[Opening Material supplied section]

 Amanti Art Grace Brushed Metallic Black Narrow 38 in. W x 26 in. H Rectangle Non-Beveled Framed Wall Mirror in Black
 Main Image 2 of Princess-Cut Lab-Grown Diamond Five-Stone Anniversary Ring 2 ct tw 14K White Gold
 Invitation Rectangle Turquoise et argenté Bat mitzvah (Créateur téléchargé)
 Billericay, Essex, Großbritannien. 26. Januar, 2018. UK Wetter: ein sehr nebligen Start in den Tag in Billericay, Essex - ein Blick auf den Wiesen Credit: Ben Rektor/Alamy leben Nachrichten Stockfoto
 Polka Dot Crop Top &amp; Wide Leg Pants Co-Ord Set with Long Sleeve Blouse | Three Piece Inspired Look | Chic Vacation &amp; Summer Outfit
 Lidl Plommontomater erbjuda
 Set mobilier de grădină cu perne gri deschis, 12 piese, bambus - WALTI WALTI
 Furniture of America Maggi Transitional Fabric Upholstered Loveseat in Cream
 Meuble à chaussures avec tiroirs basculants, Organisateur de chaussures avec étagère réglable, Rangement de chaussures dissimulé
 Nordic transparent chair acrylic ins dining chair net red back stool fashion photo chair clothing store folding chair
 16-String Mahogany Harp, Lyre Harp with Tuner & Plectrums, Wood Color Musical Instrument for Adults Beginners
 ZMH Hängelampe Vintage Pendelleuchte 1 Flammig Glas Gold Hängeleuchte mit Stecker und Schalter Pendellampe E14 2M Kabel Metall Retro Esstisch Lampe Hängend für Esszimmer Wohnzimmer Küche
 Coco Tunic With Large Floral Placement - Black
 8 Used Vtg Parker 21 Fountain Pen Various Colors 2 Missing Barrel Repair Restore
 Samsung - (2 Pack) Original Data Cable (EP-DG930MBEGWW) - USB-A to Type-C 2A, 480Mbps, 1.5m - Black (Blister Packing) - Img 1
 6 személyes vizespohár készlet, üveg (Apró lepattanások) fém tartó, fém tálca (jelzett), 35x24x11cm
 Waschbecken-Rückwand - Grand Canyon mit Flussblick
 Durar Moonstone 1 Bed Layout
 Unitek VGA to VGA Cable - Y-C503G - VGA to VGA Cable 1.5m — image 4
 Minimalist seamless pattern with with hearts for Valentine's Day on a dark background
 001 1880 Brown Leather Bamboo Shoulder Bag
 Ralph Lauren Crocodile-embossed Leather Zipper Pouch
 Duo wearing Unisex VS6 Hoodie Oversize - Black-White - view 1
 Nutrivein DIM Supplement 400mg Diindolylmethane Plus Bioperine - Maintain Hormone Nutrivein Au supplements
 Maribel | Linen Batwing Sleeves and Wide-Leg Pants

[Closing Material supplied section]

> Task brief: The exercise is to copy out every line above that has the word "Gold" in it.

> Response area:
 Main Image 2 of Princess-Cut Lab-Grown Diamond Five-Stone Anniversary Ring 2 ct tw 14K White Gold
 ZMH Hängelampe Vintage Pendelleuchte 1 Flammig Glas Gold Hängeleuchte mit Stecker und Schalter Pendellampe E14 2M Kabel Metall Retro Esstisch Lampe Hängend für Esszimmer Wohnzimmer Küche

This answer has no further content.